Supplied data -
- - -
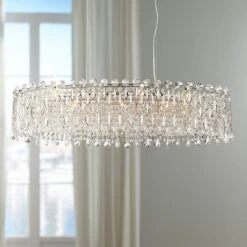 Possini Euro Alyssa 36 1/2" Wide Crystal LED Oval Pendant Chandelier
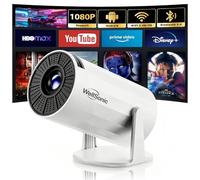 WellSonic Mini proyector con WiFi y Bluetooth, proyector de películas portátil compatible con 4K, Keystone automático, rotación de 210°, proyector inteligente de pantalla de 130 pulgadas compatible
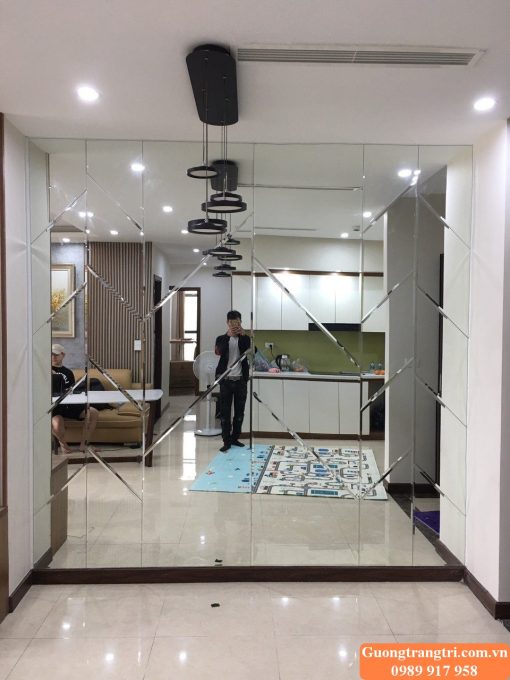 gương dán tường, gương trang trí, gương bỉ màu trắng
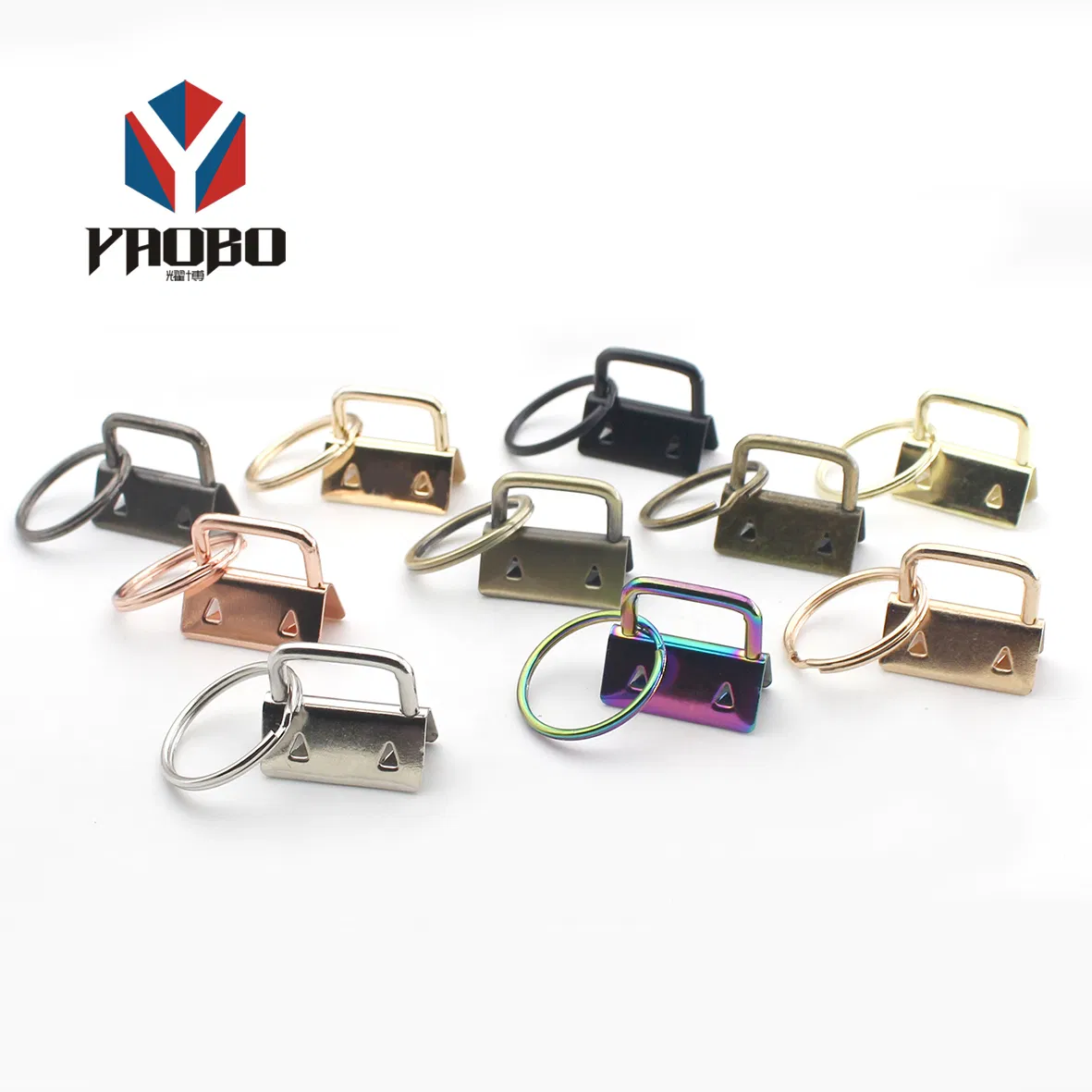 Wholesale Decorative 25mm Fob Hardware Key with Keyring Tail Clip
- - -
Would you return all of the data above word for word, omitting every picture?

Task answer -
 Possini Euro Alyssa 36 1/2" Wide Crystal LED Oval Pendant Chandelier
 WellSonic Mini proyector con WiFi y Bluetooth, proyector de películas portátil compatible con 4K, Keystone automático, rotación de 210°, proyector inteligente de pantalla de 130 pulgadas compatible
 gương dán tường, gương trang trí, gương bỉ màu trắng
 Wholesale Decorative 25mm Fob Hardware Key with Keyring Tail Clip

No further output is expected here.